Ted approached me early in his research for the Mental Atlas. Through regular correspondence with Ted, I was able to follow his research and help iterate on this new learning technique. After seeing him pass benchmarks not achievable by most memory champions in a short amount of time, I knew I needed to try the technique myself to see if Ted’s brain was simply extraordinary, or if the his Mental Atlas technique was the real deal.
I’ve now gotten to apply the Mental Atlas to a wide variety of use cases, from storing lists of key ideas, to reading comprehension for academic articles, to finding insights across a list of my detailed personal goals. The sensation of using the Mental Atlas - where your attention snaps to relevant information stored as effortlessly as snapping to images of furniture in your own home - is incredible.
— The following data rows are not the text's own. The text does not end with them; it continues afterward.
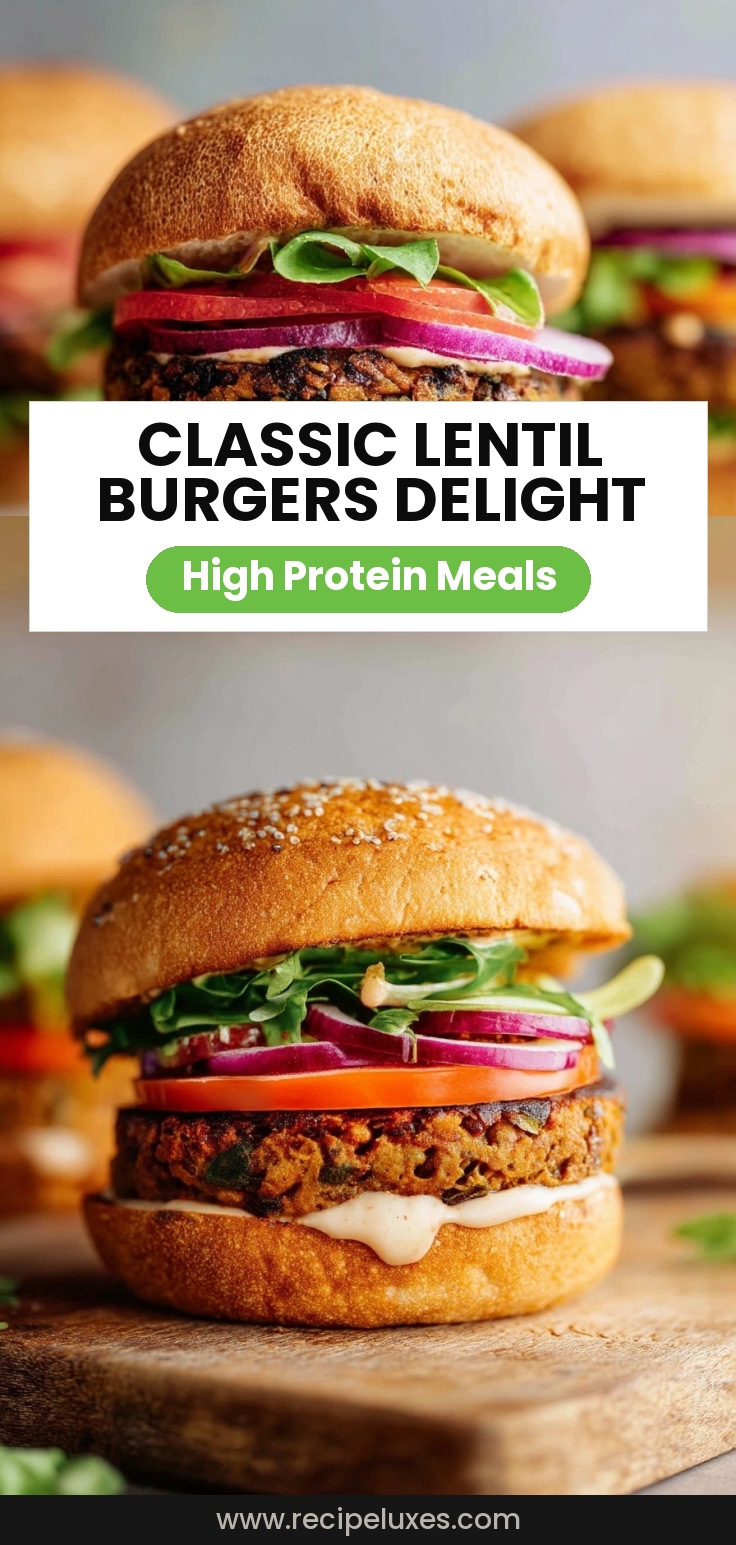 Classic Lentil Burgers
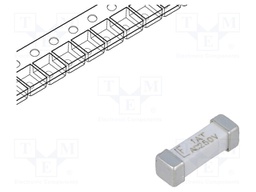 Fuse: fuse; time-lag; 1A; 250VAC; SMD; ceramic; 10,1x3,1x3,25mm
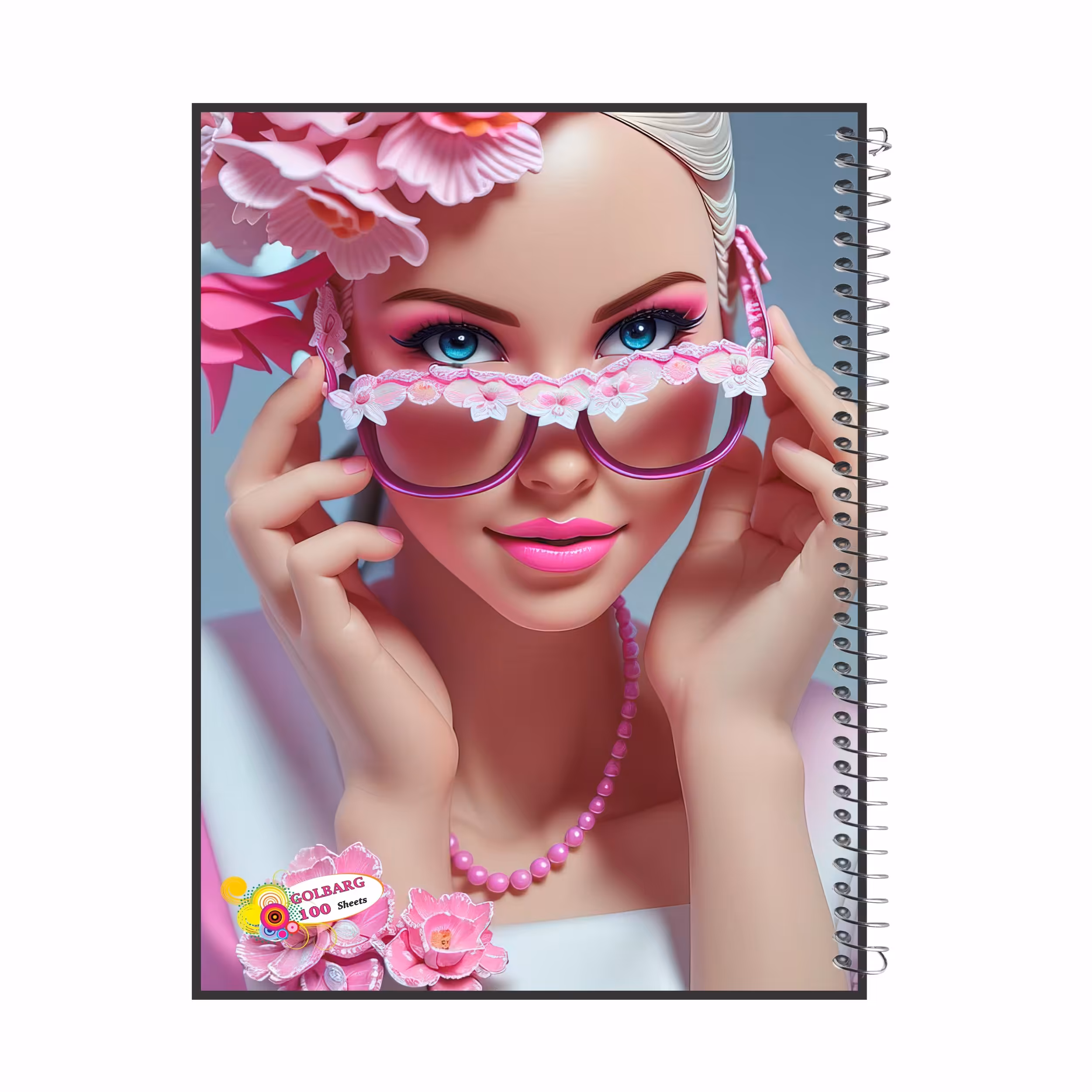 دفتر مشق 100 برگ گلبرگ طرح دخترانه کد 9084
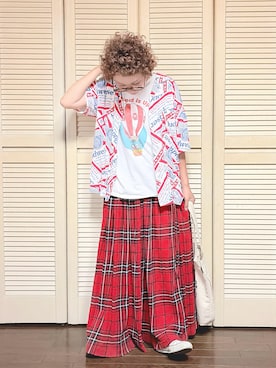 「ROOTOTE（ルートート）のアイテム」を使った、ぽん。さん（レディース・158cm）の夏コーディネート
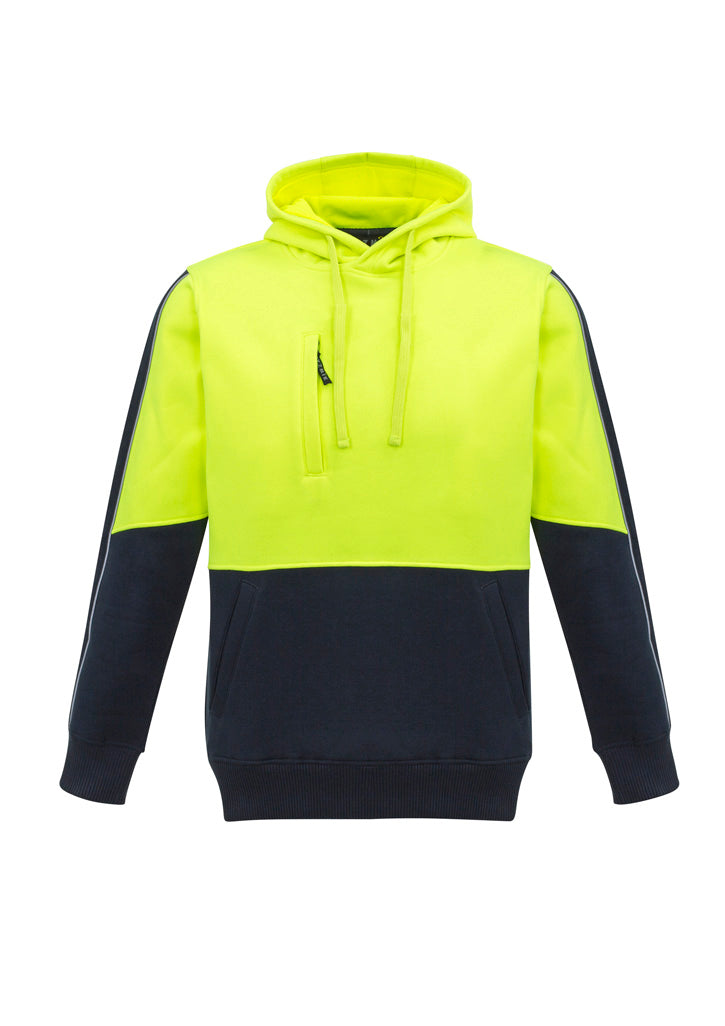 Syzmik Unisex Hi Vis Pullover Hoodie - Yellow/Navy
It’s unusual how everyone I know engages in important tasks using their memory - from school, to the workplace, to personal creative projects, to mastering a new hobby or game - and almost none of them use evidence based memory techniques. This suggests to me that existing techniques are not well adjusted for many everyday uses. Yet, working on applying the Mental Atlas to new situations, I have found the learning curve to be shockingly easy. As a growing number of strangers in memory and cognition interest groups testify to the effectiveness of using the Mental Atlas for incredibly diverse tasks, I am more and more convinced that this technique can be of practical benefit to those willing to try a unique, efficient approach to using their memory more intentionally.”